Na rynku dostępne są często dziesiątki różnych modeli opon do każdego samochodu – ich ilość może być przytłaczająca. Jednak wybór dobrych gum to ważna decyzja, mająca realny wpływ na nasze bezpieczeństwo na drodze. W końcu opony to jedyny punkt styku auta z jezdnią – decydują o skuteczności hamowana i przyczepności auta. Co oznaczają symbole i etykiety na oponach? Czy opony mogą wpłynąć na poziom zużycia paliwa? Czym kierować się przy zakupie opon?
Dobre dobrane opony to inwestycja w nasze bezpieczeństwo – opony są jedynym elementem styku samochodu z nawierzchnią i to od ich jakości zależy, jak samochód będzie się zachowywał na drodze. Będzie to miało szczególne znaczenie w niemożliwych do przewidzenia podbramkowych sytuacjach. Właściwości i jakość opon wpływają zarówno na komfort prowadzenia pojazdu, jak i na skuteczność w unikaniu wypadków czy stłuczek podczas trudnych sytuacji na drodze.

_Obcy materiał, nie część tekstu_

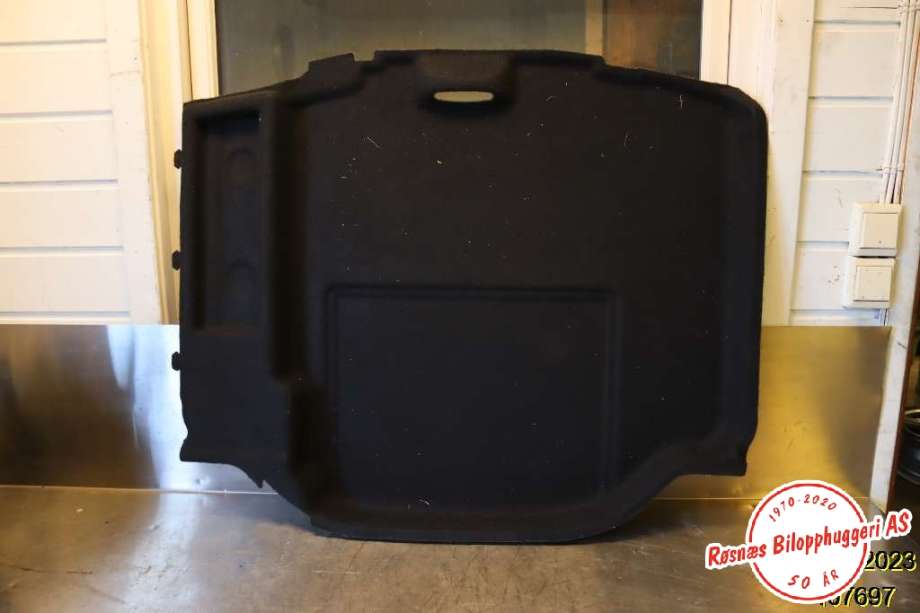 Bagasjerom teppe/gulvplate til Mercedes E-Klasse, 2009-2013 (Fase 1) (W212) (W212) (MERCEDES|A 212 690 0141)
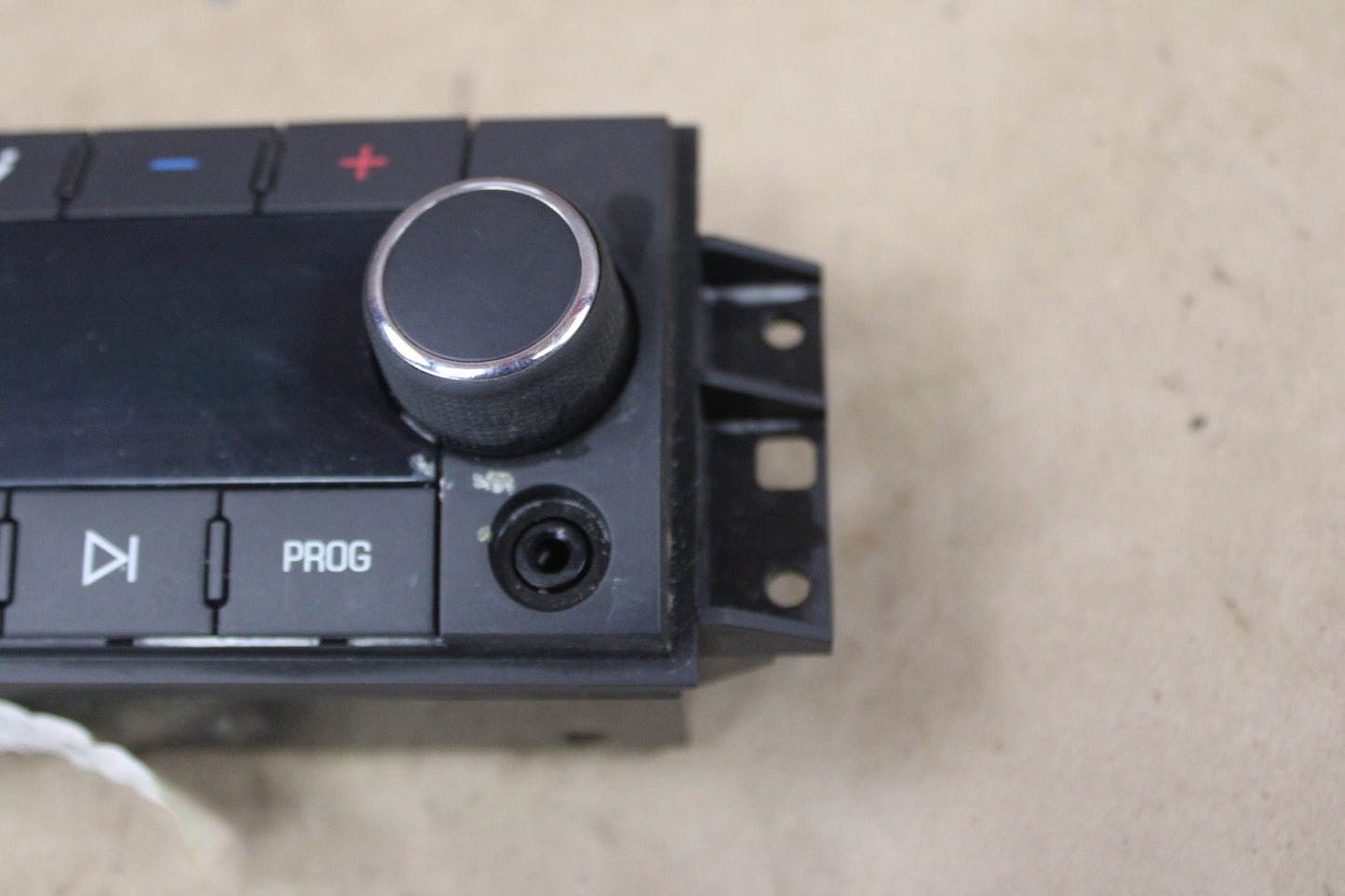 2007-2014 General Motor SUV Tahoe Yukon Suburban Rear Seat Radio Climate Control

- Opony są bardzo ważną częścią wyposażenia samochodu w zakresie bezpieczeństwa. Co więcej, są jedynym elementem systemu bezpieczeństwa samochodu, który dotyka drogi. Opony to skomplikowany technicznie produkt, który musi godzić przeciwstawne wymagania – takie jak przyczepność, wytrzymałość czy odporność na aquaplaning, Mają wiele parametrów, które możemy porównywać i skupiać się na tych, które są dla nas najważniejsze – warto czytać wyniki niezależnych testów i porozmawiać z doświadczonymi serwisantami. Nie ma jednak żadnego znaczenia, czy w momencie zakupu opony mają kilka dni czy kilka lat – nie są produktem spożywczym, nie mają określonego dopuszczalnego okresu magazynowania. Opony wyprodukowane nawet kilka lat temu, ale przechowywane w odpowiednich warunkach, zachowują wszystkie swoje właściwości – są fabrycznie nowe. Zmiany fizykochemiczne zachodzą głównie podczas użytkowania i spowodowane są rozgrzewaniem się ich w trakcie jazdy i napięciem wynikającym z ciśnienia, deformacjami i innymi czynnikami, które nie występują w procesie przechowywania opon – mówi Piotr Sarnecki, dyrektor generalny Polskiego Związku Przemysłu Oponiarskiego (PZPO).